1st Hour:
Crush the Cluster, Node, Index, and Shard
Objects:
- Configure a cluster
- Run multiple nodes on 1 machine
- Understand indices, shards and shard replication
- Understand how Elasticsearch uses Lucene
- Perform CRUD for indices and documents
- Understand Optimistic Concurrency Control (_version)

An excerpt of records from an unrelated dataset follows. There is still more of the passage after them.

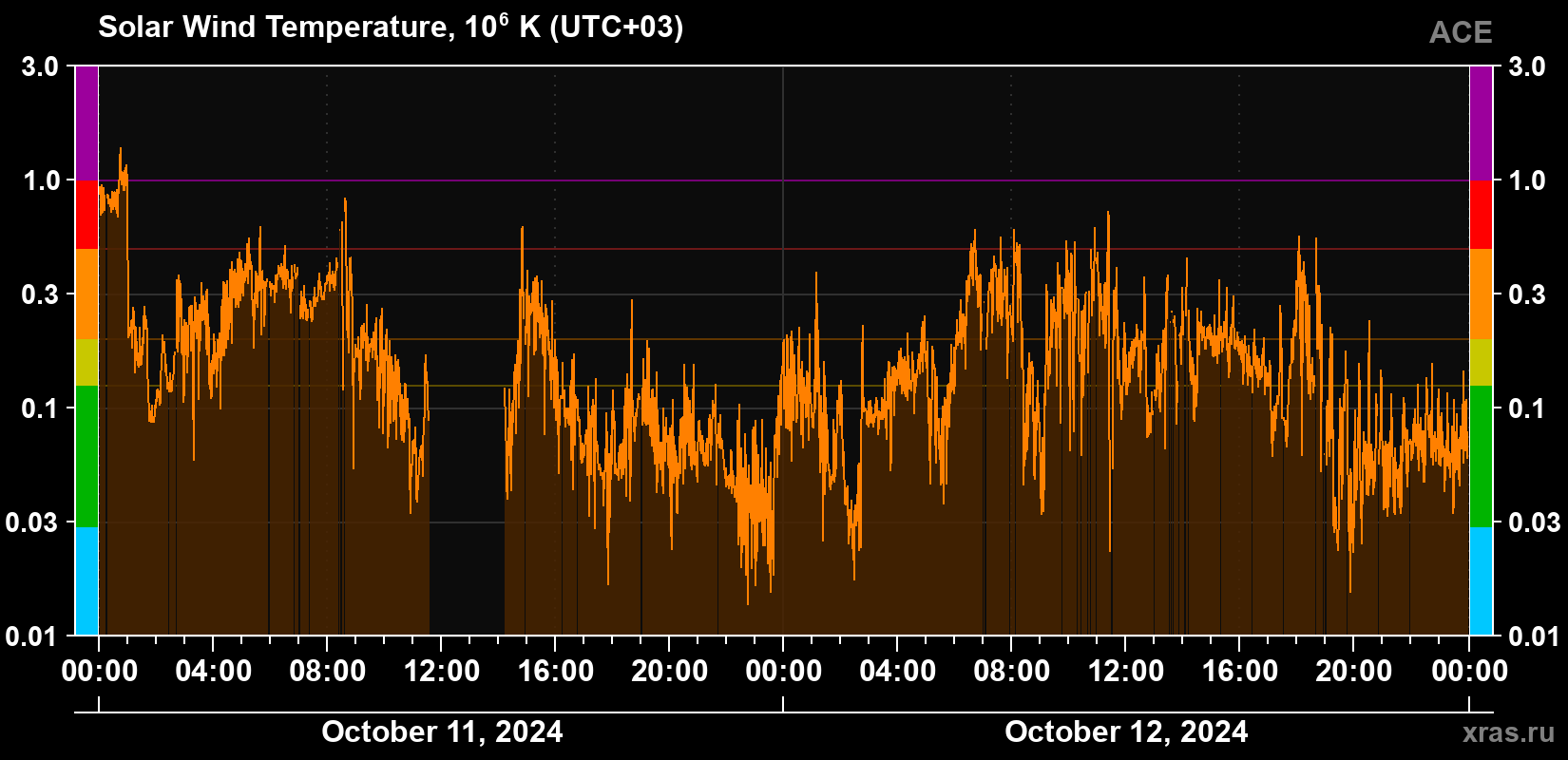 Solar wind temperature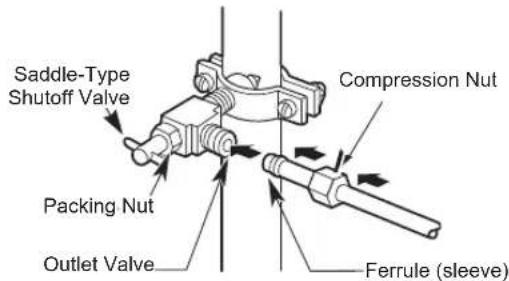 LG LFCS27596S - Connect the tubing to the valve. - 1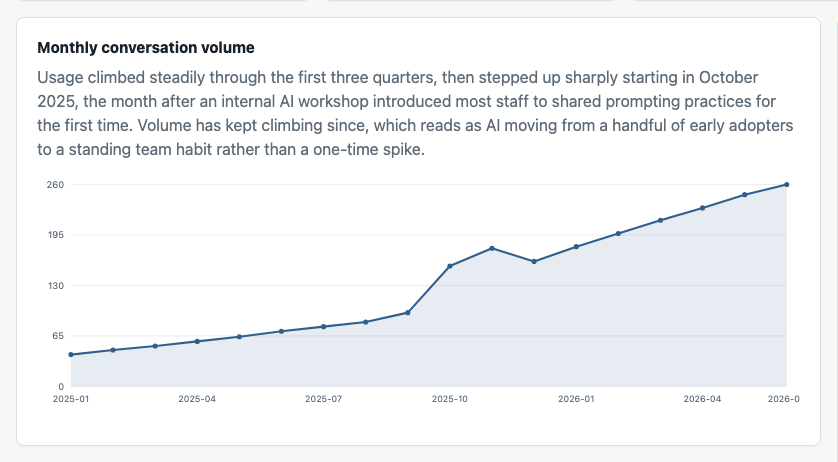Screenshot of the accelerator sample usage curve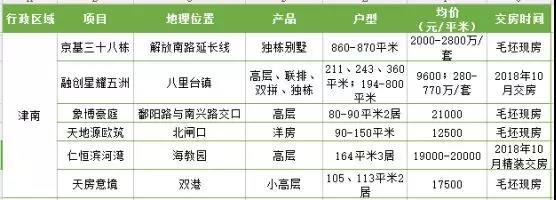 旭辉燕南园最新信息概述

- Perform GET to retrieve multiple objects in 1 request
What is Elasticsearch?
Elasticsearch is an open-source, readily-scalable, enterprise-grade search engine based on the Lucene text search library. Accessible through an extensive API, Elasticsearch can power extremely fast searches that support your data discovery applications.
What is Kibana?
"Kibana lets you visualize your Elasticsearch data and navigate the Elastic Stack, so you can do anything from learning why you're getting paged at 2:00 a.m. to understanding the impact rain might have on your quarterly numbers." - Elastic
Fire up the engines!
# Launch Elasticsearch
$ cd ~/bonobos/elasticsearch
$ bin/elasticsearch
# Launch Kibana
$ cd ~/bonobos/kibana
$ bin/kibana
# Open Kibana in the browser
http://localhost:5601
Memory allocation issues?
It's alive!
GET /_cluster/health
# Compact and Aligned Text - or cat :)
GET _cat/health
GET _cat/shards
GET _cat/nodes
I love you Elasticsearch.
You're perfect.
Now change.
- ctrl + c to stop Elasticsearch
- Open config/elasticsearch.yml
- Change: cluster.name: bonobos
- $ bin/elasticsearch to start
- Note - may need to adjust memory for the new cluster
2 Nodes Are Better Than 1
- Open config/elasticsearch.yml
- Add: node.max_local_storage_nodes: 2
- Open new terminal on same machine
- $ bin/elasticsearch
2+ Nodes on 2+ Machines Is Best!
Concepts:
Cluster, node, shard
Index, type, document, field
Cluster | A self-organizing collection of nodes that share data and workload |
Node | A running instance of Elasticsearch. Nodes with the same name form a cluster. |
Shard | A single Lucene instance that contains a sliver of the data in the node |
"Types" is a version 5 concept NOT a version 6 concept
Dude stop talking!
Create
// Create index
PUT /products
{
"settings" : {
"number_of_shards" : 1,
"number_of_replicas" : 1
}
}
// Create document
POST /products/_doc/1
{
"type":"shirt",
"color":"black"
}
// 5.6
POST /products/shirt/1
{
"color":"black"
}
Read
//Read one document
GET /products/_doc/1
//Read all documents
GET /products/_search
//Read some documents
GET /products/_search
{
"query": {
"match": {
"type":"shirt"
}
}
}
Update
// Update document
POST /products/_doc/1/_update
{
"doc": {
"sleeves": "short"
}
}
// 5.6
POST /products/shirt/1/_update
{
"sleeves":"short"
}
Delete
// Delete document
DELETE /products/_doc/1
// 5.6
DELETE /products/shirts/123
// Delete index
DELETE /products
Concept:
Optimistic Concurrency Control?
(and why do I care?)
documentation
_version : It's how our shards guarantee data isn't overwritten
Concept:
Single GET for multiple objects? Yep!
GET /products/_mget
{
"ids" : [ "1", "2" ]
}
Objects:
- Configure a cluster
- Run multiple nodes on 1 machine
- Understand indices, shards and shard replication
- Understand how Elasticsearch uses Lucene
- Perform CRUD for indices and documents
- Understand Optimistic Concurrency Control (_version)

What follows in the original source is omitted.